## EXERCISE REQUIREMENTS:
What is needed is a faithful transcription of all the data below, pictures excluded.

## DATA PROVIDED:
....................

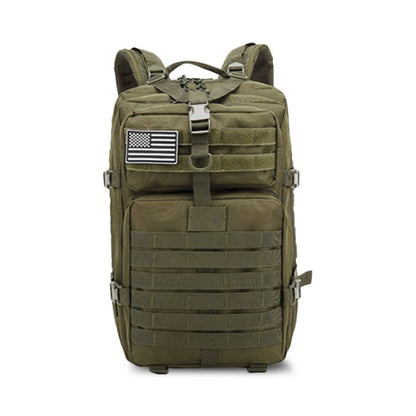 TrekSmart - Waterproof backpack-Elly Rose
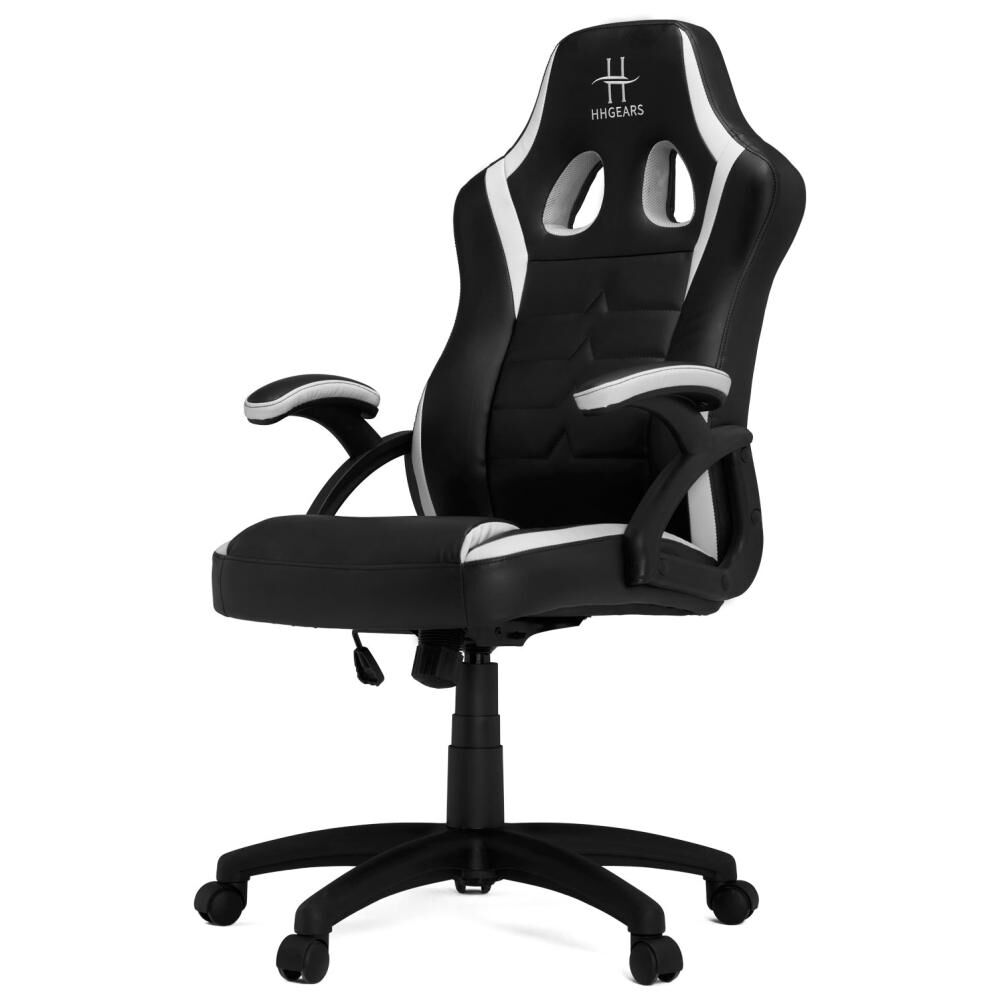 Silla Gamer Hhgear SM115 Black & White image number 2.0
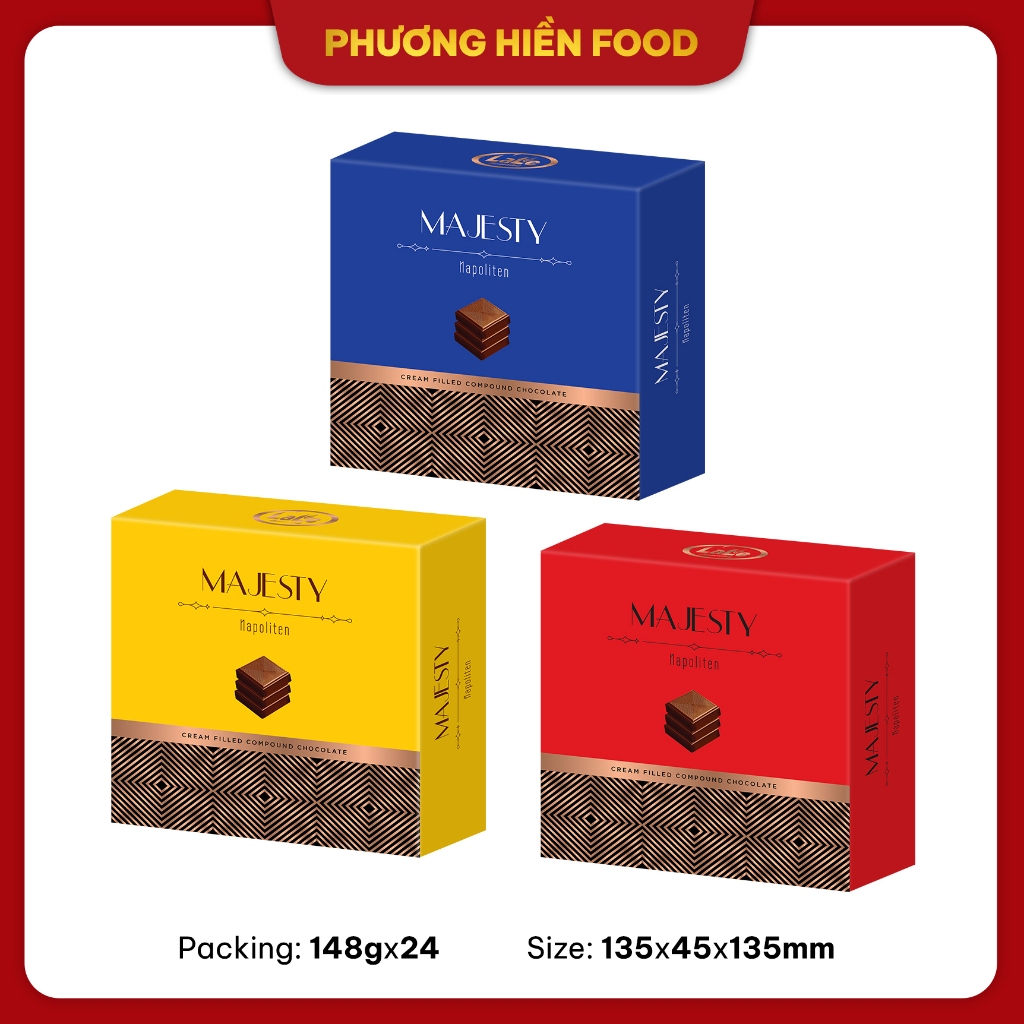 [ majesty ] Socola Majesty hiệu Lale 148 g - hộp giấy | Shopee Việt Nam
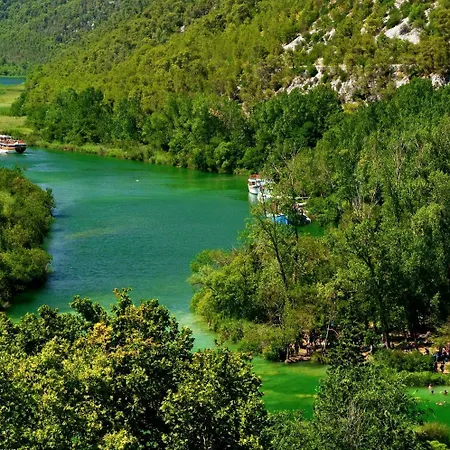 Szálloda Skradinski Buk Skradin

....................

## SOLUTION FOR THIS TASK:
 TrekSmart - Waterproof backpack-Elly Rose
 Silla Gamer Hhgear SM115 Black & White image number 2.0
 [ majesty ] Socola Majesty hiệu Lale 148 g - hộp giấy | Shopee Việt Nam
 Szálloda Skradinski Buk Skradin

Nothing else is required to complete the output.